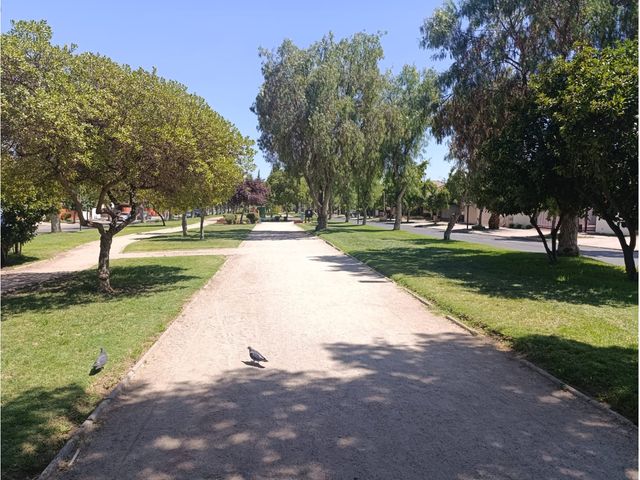 place photo 29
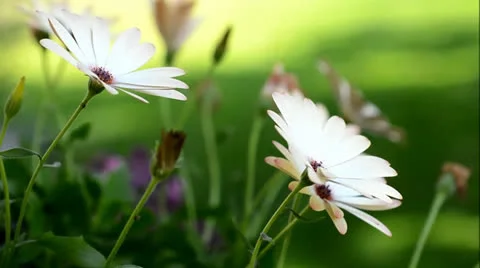 Osteospermum bloom 動画素材 26126186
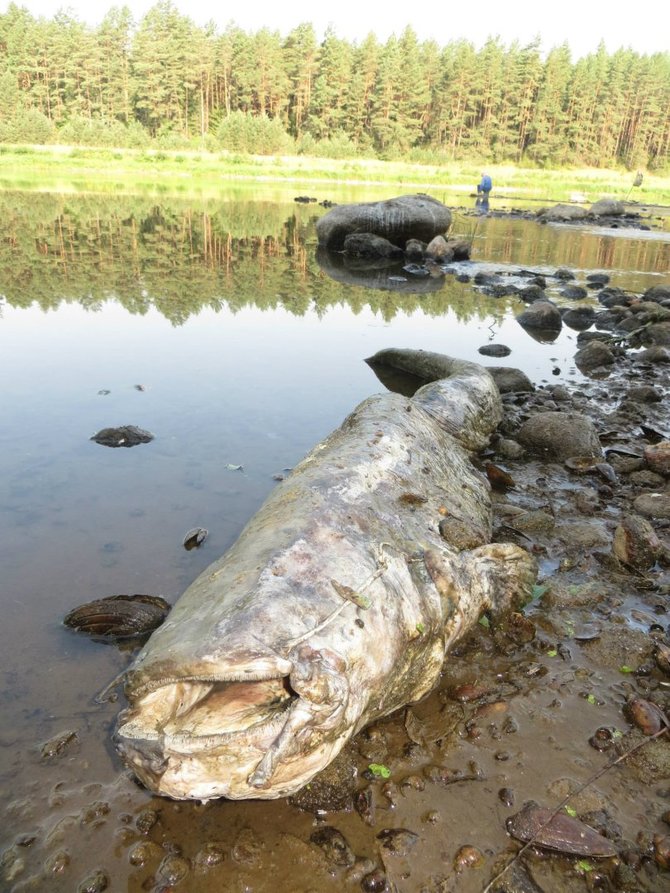 Rimanto Avižienio nuotr./Nemunaičio miestelyje gyventojai užfiksavo didžiulį šamą, išmestą į Nemuno krantą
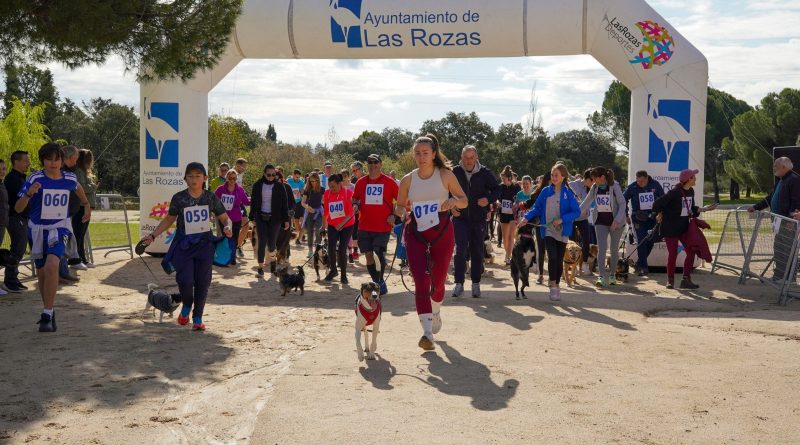Canicross_Las Rozas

※

WHAT IS REQUIRED
Leaving out the images, repeat the listing above exactly.

ANSWER SECTION
 place photo 29
 Osteospermum bloom 動画素材 26126186
 Rimanto Avižienio nuotr./Nemunaičio miestelyje gyventojai užfiksavo didžiulį šamą, išmestą į Nemuno krantą
Canicross_Las Rozas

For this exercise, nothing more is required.